Johnston’s grandfather Alexander Johnston was served heir to his father, also Alexander, in the Straiton estate, just south of Edinburgh, on 27 Aug. 1766. He also had ‘a very good estate’ at Champfleurie, near Linlithgow.2 Alexander Johnston was succeeded on 22 Jan. 1796 by his brother James, the father of this Member, who was served heir to him and his grandfather on 14 Nov. 1814, at the age of 13. He attended Oxford University. At the general election of 1826 he was chosen as delegate for Linlithgow in the interest of the Edinburgh banker Adam Hay, the successful candidate for Linlithgow Burghs.3 In 1830 he stood for the venal district of Stirling Burghs against a supporter of the Wellington ministry and secured the votes of three of the five burghs. After his return, which was particularly popular with the operatives and weavers of Dunfermline, he declared that he would enter Parliament as ‘a free and independent man, who would in all cases vote according to his conscience’: he was ‘under no pledge to government’ and ‘ministers had nothing to expect from him’. He observed that recent events in France had ‘taught us the value of the constitution under which we live’.4
Ministerial head-counters evidently knew little of him, and they listed him among the ‘good doubtfuls’; but he voted in Daniel O’Connell’s minority of 34 for repeal of the Irish Subletting Act, 11 Nov., and the opposition majority on the civil list, 15 Nov. 1830, when the government fell. He did not hide his light under a bushel, and on 19 Nov. he delivered what John James Hope Vere* described as a ‘curious’ speech, ‘more like a soliloquy than anything else’, in support of Lord Nugent’s bill to promote the employment of the labouring poor, citing evidence from letters to a friend to support his argument that Sussex, where labourers were combining to extort higher wages, was in ‘a most alarming state’.5 Later that day he gave notice of a motion proposing the appointment of a select committee of Members ‘of long standing’ to draw up instructions for the guidance of new Members balloted to serve on election committees, but he withdrew it, 22 Nov. He presented petitions for the abolition of slavery from United Associate Congregations in Dunfermline and Linlithgow, 23, 25 Nov., 2 Dec.

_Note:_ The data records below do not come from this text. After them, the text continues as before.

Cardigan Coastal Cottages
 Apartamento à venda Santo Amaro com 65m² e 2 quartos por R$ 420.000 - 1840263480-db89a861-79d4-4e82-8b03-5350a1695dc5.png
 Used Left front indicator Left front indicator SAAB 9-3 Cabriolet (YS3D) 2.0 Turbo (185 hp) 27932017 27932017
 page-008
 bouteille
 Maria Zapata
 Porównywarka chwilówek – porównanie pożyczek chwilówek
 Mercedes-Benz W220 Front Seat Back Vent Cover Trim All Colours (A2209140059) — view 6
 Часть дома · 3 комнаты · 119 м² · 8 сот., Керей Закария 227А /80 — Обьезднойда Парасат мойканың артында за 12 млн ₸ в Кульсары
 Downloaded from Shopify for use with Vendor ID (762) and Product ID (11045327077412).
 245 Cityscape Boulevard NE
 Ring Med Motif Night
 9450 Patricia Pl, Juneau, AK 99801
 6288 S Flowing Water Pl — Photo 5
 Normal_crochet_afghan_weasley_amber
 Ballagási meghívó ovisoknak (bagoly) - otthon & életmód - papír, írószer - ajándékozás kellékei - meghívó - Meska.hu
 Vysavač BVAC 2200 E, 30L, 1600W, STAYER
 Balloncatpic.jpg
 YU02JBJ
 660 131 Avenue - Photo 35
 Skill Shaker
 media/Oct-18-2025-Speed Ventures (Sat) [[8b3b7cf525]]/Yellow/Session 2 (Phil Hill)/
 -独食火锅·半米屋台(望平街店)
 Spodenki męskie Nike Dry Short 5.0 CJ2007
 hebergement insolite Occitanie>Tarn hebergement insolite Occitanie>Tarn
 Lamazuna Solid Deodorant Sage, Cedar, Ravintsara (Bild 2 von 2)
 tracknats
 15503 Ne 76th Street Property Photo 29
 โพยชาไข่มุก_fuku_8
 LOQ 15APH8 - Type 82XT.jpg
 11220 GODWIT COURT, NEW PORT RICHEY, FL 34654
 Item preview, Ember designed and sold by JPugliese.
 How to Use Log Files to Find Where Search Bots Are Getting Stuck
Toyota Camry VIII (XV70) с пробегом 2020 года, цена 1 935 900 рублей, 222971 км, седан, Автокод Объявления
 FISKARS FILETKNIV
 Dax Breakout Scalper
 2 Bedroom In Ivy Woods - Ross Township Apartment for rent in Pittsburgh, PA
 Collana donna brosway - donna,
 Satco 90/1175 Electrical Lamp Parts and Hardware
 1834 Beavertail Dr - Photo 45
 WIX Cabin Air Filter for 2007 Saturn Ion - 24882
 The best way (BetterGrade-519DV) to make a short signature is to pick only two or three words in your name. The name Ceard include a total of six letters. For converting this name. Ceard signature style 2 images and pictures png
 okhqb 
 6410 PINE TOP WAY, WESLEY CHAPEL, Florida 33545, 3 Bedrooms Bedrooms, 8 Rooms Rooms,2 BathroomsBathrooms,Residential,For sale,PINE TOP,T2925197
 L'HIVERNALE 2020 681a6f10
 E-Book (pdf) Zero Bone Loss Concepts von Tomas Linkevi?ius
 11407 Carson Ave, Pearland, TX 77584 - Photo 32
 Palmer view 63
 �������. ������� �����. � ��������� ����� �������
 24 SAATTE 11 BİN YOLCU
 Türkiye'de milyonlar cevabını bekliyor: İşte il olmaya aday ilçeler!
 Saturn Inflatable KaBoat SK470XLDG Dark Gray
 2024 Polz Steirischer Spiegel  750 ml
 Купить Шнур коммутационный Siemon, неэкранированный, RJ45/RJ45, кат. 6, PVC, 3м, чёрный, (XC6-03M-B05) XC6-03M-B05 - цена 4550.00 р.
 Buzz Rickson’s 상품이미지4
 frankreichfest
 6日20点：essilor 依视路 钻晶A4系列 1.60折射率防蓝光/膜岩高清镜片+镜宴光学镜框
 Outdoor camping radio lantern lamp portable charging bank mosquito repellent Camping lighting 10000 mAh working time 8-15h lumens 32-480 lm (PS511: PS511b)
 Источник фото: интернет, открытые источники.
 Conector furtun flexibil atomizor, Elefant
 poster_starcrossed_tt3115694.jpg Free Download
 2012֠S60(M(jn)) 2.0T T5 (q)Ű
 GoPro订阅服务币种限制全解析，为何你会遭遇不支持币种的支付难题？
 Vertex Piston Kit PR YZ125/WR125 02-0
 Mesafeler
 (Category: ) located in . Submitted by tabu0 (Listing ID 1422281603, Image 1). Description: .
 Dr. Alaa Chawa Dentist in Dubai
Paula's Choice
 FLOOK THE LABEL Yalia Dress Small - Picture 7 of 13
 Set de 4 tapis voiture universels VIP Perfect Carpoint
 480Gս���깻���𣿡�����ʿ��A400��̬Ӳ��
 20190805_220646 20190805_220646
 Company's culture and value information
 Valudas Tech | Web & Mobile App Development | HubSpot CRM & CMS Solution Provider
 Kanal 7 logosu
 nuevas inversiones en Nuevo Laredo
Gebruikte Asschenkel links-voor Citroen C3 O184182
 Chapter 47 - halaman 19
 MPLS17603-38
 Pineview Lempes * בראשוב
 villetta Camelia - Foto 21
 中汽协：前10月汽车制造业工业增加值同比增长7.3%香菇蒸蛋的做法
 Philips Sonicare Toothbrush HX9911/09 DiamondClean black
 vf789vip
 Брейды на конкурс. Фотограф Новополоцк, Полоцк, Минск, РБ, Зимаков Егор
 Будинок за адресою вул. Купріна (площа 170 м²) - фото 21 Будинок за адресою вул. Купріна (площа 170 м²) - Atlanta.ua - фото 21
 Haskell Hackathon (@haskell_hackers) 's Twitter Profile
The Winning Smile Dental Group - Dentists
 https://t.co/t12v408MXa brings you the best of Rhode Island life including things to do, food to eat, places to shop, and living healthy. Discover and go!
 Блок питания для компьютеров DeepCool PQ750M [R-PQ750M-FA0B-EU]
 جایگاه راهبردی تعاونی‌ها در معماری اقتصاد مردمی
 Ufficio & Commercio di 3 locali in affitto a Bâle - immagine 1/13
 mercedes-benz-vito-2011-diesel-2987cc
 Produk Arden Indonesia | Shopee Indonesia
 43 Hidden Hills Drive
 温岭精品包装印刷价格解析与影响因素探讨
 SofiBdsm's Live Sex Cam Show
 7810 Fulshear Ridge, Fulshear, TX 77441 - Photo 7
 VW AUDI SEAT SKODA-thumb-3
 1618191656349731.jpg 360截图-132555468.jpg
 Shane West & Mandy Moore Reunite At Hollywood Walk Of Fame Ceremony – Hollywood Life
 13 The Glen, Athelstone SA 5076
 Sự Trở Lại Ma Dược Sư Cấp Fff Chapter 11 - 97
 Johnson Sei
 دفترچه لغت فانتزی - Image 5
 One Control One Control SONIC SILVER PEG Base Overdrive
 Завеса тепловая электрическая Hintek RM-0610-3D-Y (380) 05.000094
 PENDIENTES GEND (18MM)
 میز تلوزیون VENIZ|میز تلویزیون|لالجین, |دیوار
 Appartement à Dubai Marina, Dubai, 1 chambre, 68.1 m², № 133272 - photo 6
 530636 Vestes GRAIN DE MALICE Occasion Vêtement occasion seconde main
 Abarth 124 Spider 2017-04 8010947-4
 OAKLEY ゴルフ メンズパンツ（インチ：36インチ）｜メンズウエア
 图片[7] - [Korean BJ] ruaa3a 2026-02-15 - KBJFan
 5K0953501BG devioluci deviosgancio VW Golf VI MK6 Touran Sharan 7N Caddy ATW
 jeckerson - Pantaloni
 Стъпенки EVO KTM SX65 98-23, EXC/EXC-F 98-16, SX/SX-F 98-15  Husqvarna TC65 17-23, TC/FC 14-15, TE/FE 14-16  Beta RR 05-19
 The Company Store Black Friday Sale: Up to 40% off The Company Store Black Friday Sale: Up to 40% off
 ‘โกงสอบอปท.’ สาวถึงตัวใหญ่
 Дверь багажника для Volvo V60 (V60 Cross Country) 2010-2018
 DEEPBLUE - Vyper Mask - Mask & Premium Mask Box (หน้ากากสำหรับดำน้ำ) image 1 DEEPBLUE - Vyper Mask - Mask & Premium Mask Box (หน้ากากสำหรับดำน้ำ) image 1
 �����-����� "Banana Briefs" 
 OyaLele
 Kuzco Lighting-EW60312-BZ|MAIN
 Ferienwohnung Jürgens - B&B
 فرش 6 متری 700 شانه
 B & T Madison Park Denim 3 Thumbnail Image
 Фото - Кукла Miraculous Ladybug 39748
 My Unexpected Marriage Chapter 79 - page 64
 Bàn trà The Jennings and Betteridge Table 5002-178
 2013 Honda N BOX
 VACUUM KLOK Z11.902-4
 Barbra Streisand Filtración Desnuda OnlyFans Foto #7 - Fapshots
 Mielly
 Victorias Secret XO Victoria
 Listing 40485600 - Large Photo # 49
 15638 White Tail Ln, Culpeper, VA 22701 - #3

He presented one from Edinburgh hammermen for reform of the municipal government of the royal burghs, 7 Dec., and next day brought up a like one from the incorporated trades of Stirling, but was ruled out of order by the Speaker when he referred to a comment by another Member on a previous day. On 9 Dec. he urged the Grey ministry, who had ‘hitherto acted discreetly’, to include wholesale reform of the ‘corrupt’ Scottish burghs in their impending scheme. Observing that he had been returned by 70 men for a constituency which should have at least 3,000 electors, he claimed to ‘have more constituents than any [other] Member ... for I consider myself the representative of the people of Scotland’. He presented several petitions for Scottish parliamentary and municipal reform, 11, 15, 18, 23 Dec. 1830, when he expressed his ‘high opinion of ministers, and ... cordial approval’ of their early measures. However, he disapproved of their proposed tax on steamboat passengers, 28 Feb. 1831. It was almost certainly he rather than the anti-reformer Sir James Carnegie, Member for Aberdeen Burghs (as attributed by the Mirror of Parliament), who, presenting reform petitions from two of his constituent burghs, 16 Feb., urged ‘the necessity of reform in [Scottish] administration’, and went on:
I make no imputation against the present ministry ... The country is very much obliged to them for what they have done ... I hail ... the repeal of the duty on coals ... but ... a great deal more remains to be done ... The distress of the poor must be relieved; it is not known ... by the aristocratic portion of the community, who are wallowing in wealth. Look into the dwellings of the poor, not only in the country, but ... in London, and you will see the most abject state of poverty ... The state of the country is awful ... Look at the failings and backslidings of men ... We are doing evil; we forget our duty ... I would entreat government to remember the recent events which have taken place in France ... Scotland has hitherto been contented ... but it is impossible to say how long she will continue so ... If something be not immediately done to relieve the country from its present dreadful condition, the kingdom will be in a state of anarchy and confusion ... The people will not always ... implore the House to relieve them. An hour of retribution will arrive, when the voice of the people must be heard and attended to. The higher orders ... must make some sacrifice to relieve the distress of the poor.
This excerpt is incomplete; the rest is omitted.